The RYR1 p.Arg530His variant is classified as “likely pathogenic” according to the ClinGen Malignant Hyperthermia Expert Panel–adapted ACMG/AMP guidelines and the diagnostic criteria by the European Malignant Hyperthermia Group (EMHG) [15] (Table 1). In this framework, a likely pathogenic classification indicates a greater than 90% probability that the variant is disease-causing.

Recent MH guidelines emphasize the growing importance of genetic testing, in conjunction with family history, for establishing a definitive diagnosis [1,3]. Individuals identified as carrying “pathogenic” or “likely pathogenic” variants are considered to be at increased risk of developing MH during exposure to triggering anesthetic agents. In the present case, anesthesia using remimazolam-based TIVA was performed without evidence of MH, supporting the feasibility of this approach in an individual with genetically confirmed susceptibility.

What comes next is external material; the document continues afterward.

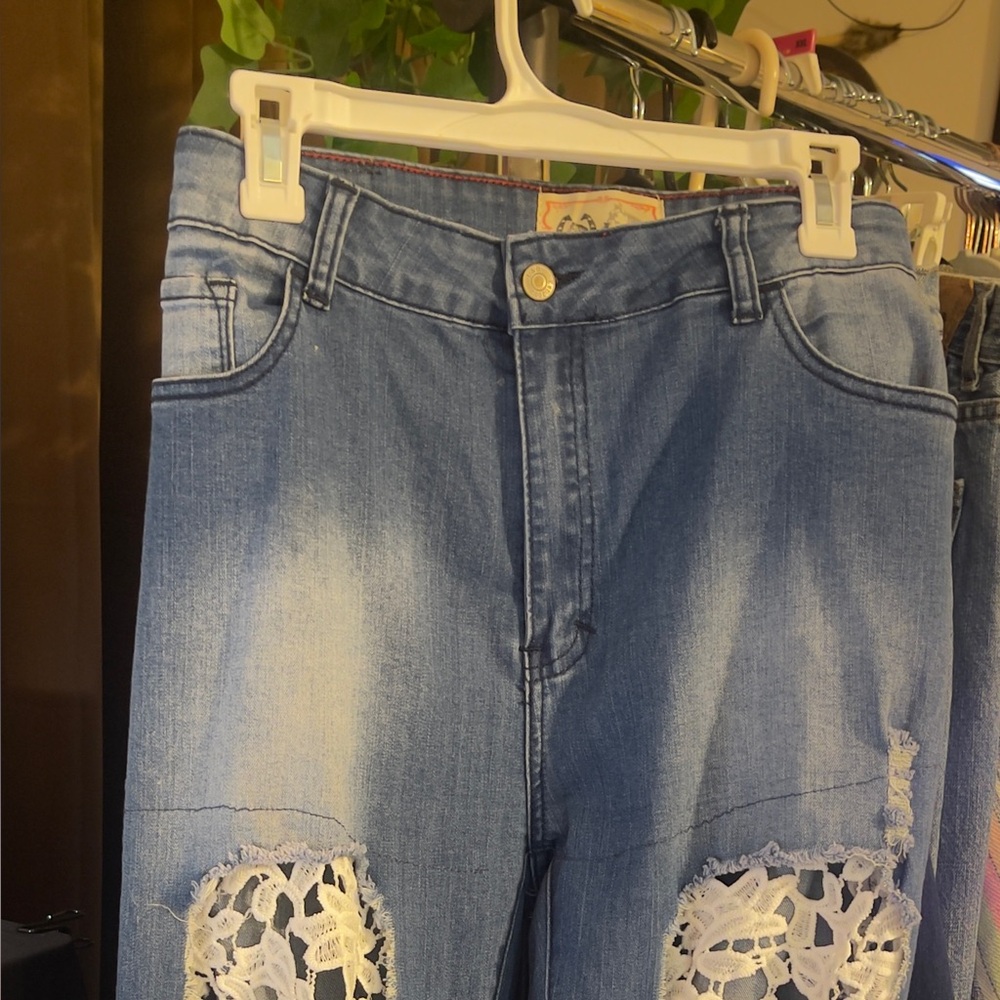 Stylish Blue Distressed Jeans with Lace Accents by L& B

Additionally, a notable finding in the present case is that the patient was homozygous for the RYR1 c.1589G>A (p.Arg530His) variant. In the healthy Japanese population database maintained by the Tohoku Medical Megabank Organization (ToMMo), no heterozygous carriers of the RYR1 c.1589G>A (p.Arg530His) variant were identified among 61 106 individuals (Table 1). Similarly, in the Genome Aggregation Database version 4.1 (gnomAD v4.1 Exomes), the minor allele frequency is approximately 0.0029%, with 42 heterozygous carriers among 730 946 individuals and no reported homozygous cases (Table 1). These data indicate that homozygosity for RYR1 c.1589G>A (p.Arg530His) variant is extremely rare.

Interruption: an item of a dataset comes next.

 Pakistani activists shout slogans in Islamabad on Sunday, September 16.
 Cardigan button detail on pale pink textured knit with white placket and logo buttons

Previous studies suggest that biallelic RYR1 variants can influence the functional response of the ryanodine receptor. Rüffert et al reported that individuals homozygous for the RYR1 p.Arg614Cys variant exhibited stronger contracture responses in vitro than heterozygous carriers [16]. Furthermore, studies using knock-in mice expressing the pathogenic MH-associated RYR1 p.G2434R variant demonstrated significantly greater sensitivity to caffeine and KCl in homozygous mice than in heterozygous mice, even under resting conditions [17]. Based on these observations, a gene-dose effect may result in a more severe clinical phenotype in homozygous individuals than in heterozygous patients. It is possible that homozygosity for the RYR1 variant in the present patient may have contributed to the severity of the previous fulminant MH episode. However, previously reported homozygous MH-associated variants are exceedingly rare, and this interpretation remains speculative and cannot be confirmed based on a single clinical case.

In addition to considerations regarding MH susceptibility, the choice of remimazolam may also have been advantageous from a hemodynamic perspective. The patient had a history of cerebral infarction and internal carotid artery stenosis, necessitating careful avoidance of perioperative hypotension. Although propofol is considered safe in patients with MH-susceptibility, it is frequently associated with dose-dependent hypotension. Previous studies have reported that remimazolam is associated with less hypotension than propofol [18] and has the additional advantage of reversibility with flumazenil. Nevertheless, the potential hemodynamic benefits observed in this case should be interpreted cautiously, as conclusions cannot be drawn from a single observation. Further studies are required to clarify the safety profile of remimazolam in larger cohorts of patients with genetically confirmed MH susceptibility.

Conclusions

Remimazolam-based total intravenous anesthesia was successfully administered in a patient with genetically confirmed MH susceptibility carrying a homozygous likely pathogenic RYR1 variant, and the perioperative course was uneventful. Although conclusions cannot be reached from a single case, remimazolam may be a feasible anesthetic option in selected MH-susceptible patients, including those with cardiovascular risk factors, when administered under strict MH precautions. Further studies and accumulation of clinical experience are required to better define the safety profile of remimazolam in patients with genetically confirmed MH susceptibility.